Hello. I am working on a hierarchical Bayesian model in a spatial mixed effect setting. Couple of process steps in the hierarchy involve distributions that I know will be computationally challenging ( read not conjugate) and working with data augmentation steps to circumvent them will be computationally expensive. I know STAN will be perfectly suited to handle that part of the hierarchy. I was thus wondering if it is statistically valid to call a STAN sampler update within a Gibbs Sampler. I am thinking like a Metropolis-Hastings in a Gibbs, the STAN will update the parameters in the corresponding process step, but I am not sure if this holds statistically.
Any input as to whether this should be a valid approach and if yes, are there considerations that I need to be aware of? Thank you for your input and time.
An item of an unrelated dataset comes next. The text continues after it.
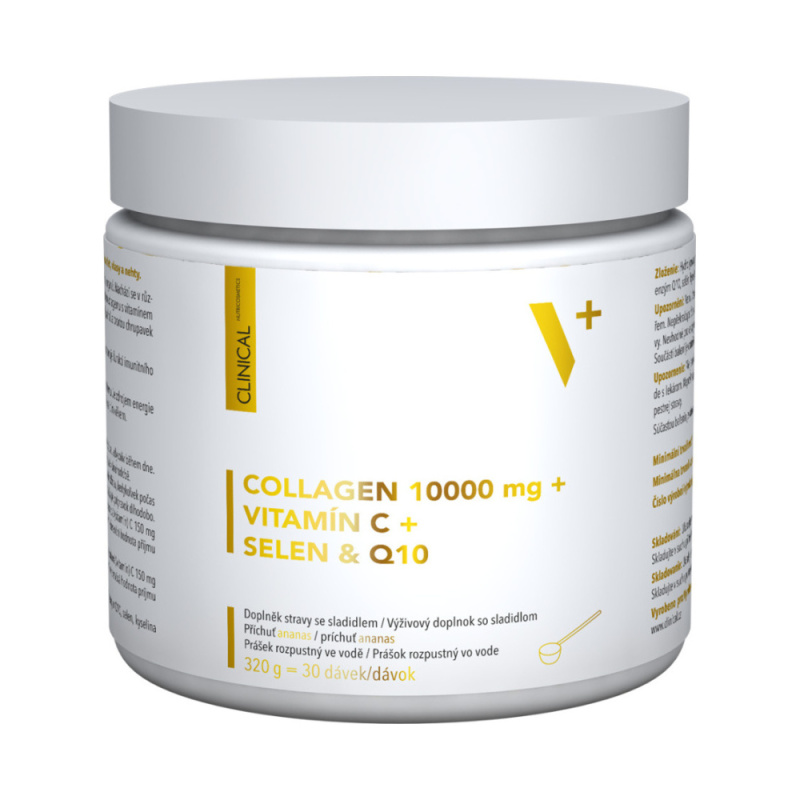 CLINICAL Collagen 10 000mg + vitamín C + selen & Q10 320 gramů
You can do this, insofar as any “Metropolis-within-Gibbs” sampler is possible, but there are some things to be aware of:
You have to pay the warm-up cost at each iteration of the Gibbs sampler. Assuming that the warm up is sufficient (checking this is important), any of the post warm-up draws is a valid draw from the target conditional. In practice this means you might set, for each iteration in the Gibbs sampler, iter_warmup = 1000 and iter_sampling = 1. This can be very slow (but not always!).
The temptation to reuse the HMC adaptation info from the previous Gibbs iteration is high, but the target conditionals can change substantially depending on the value of the other parameters. It is safest to rerun the adaptation for each Gibbs iteration, but this too can be very slow.